In reply, he spoke for several minutes, and I can't reproduce all of that here, but I'll share the points that stood out to me the most:
  • Race is power [emphasis mine] and often violence. He postulated that our definitions (in this country) of Black and of White come directly from slavery. Because there's no other, global definition of those terms outside of the enslaved/enslaving experience. He said something I hadn't thought of before, that if he'd been born in another time and/or place, he would very probably have been labeled something else.
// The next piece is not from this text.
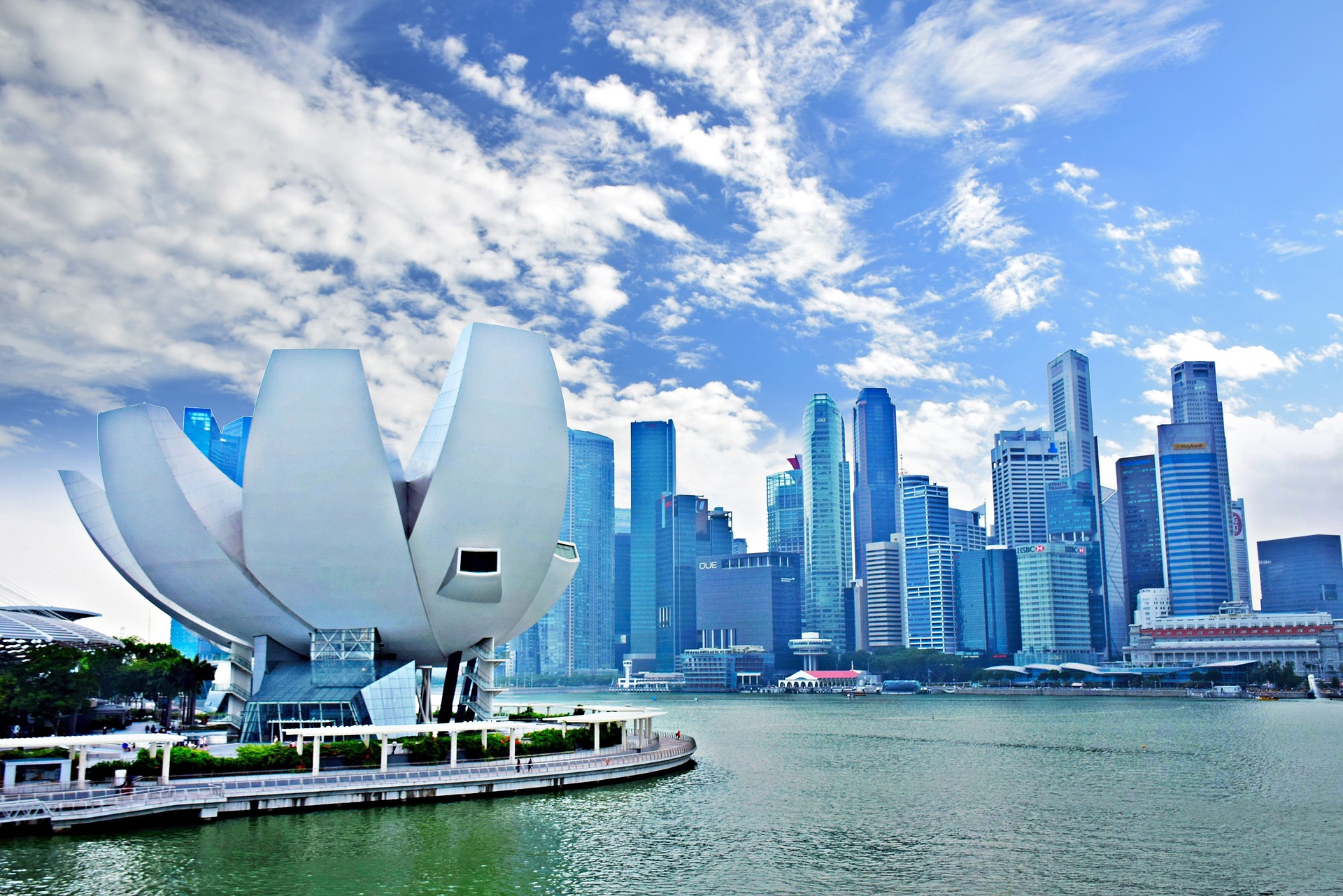 Singapore Global Expansion Playbook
  • He got a laugh (but also meant it seriously, I'm sure) when he said that if en masse the people who believe they are white stopped believing that...it would solve the problem. Two things: If you don't know what we mean by people believing they are white, you need to read Between the World and Me. The other thing I notice is: He said that they would need to stop believing it, not just...stop calling themselves that. Two different things.
  • As an individual, one cannot overturn racism by themselves. This seems obvious, but the reason I'm talking about it here is: that's one thing I wish I'd done in my question, stated that I certainly knew I wasn't going to make any kind of huge impact just by re-labeling myself. I mean, I do remember thinking that I should share the idea with friends and maybe together we could make it "a thing," but in any case I certainly knew that we were not going to upend the whole thing on our own.
  • As a follow-on from the previous point, he said something that really struck me: that I can no more escape being racially white that he can escape being racially black [emphasis his]. Again, that's not how I viewed it. I didn't think, "This is how I can escape being white!" But this is still a striking thought. We white people cannot get away from the fact of what our forbears did. "What we are bearing is history." And given that my ancestors are (as far as I know) German and English, I'm bearing some pretty heavy history—colonialism and genocide, in addition to slavery. I'd never thought about it in quite this way before. 
  • Our ideas about how change happens tend to be very individual; we don't have a concept of generational struggle. We don't tend to hear people talking about their goal being 200 years hence, the whole idea of whiteness would disappear. 
    We don't need people with blue eyes to disappear; we don't need people with blond hair to disappear. We mean: the language that we put and the power that we attribute and the credit we give people simply for the bare fact of having those things.
  • This year, 2019, is exactly 400 years from the first time captured Africans were delivered to Jamestown, Virginia. "You are bearing 400 years of weight." 
  • "There are things that white people can do to be less white." This got a laugh. But he meant it seriously and in the sense that there are things white people can do to not contribute to structural inequality: Don't contribute to the racial divide if you happen to move into a gentrifying neighborhood; for example, don't set up neighborhood chats that only include people who moved into the neighborhood in the last couple of years. Don't start movements to create separate public school districts that "just so happen" to include only residents of a certain class. Don't call the police because homeless people are hanging out in the park..
  • "It's less about what you name yourself right now and more about what you do."
I'd say it's the last one that's the most important. Labels and the specific words we use for them aren't unimportant, but they aren't nearly as important as what we're doing to contribute to what he called the "generational struggle" of undoing structural inequality. 
What are we doing to truly work toward justice and equality—for all?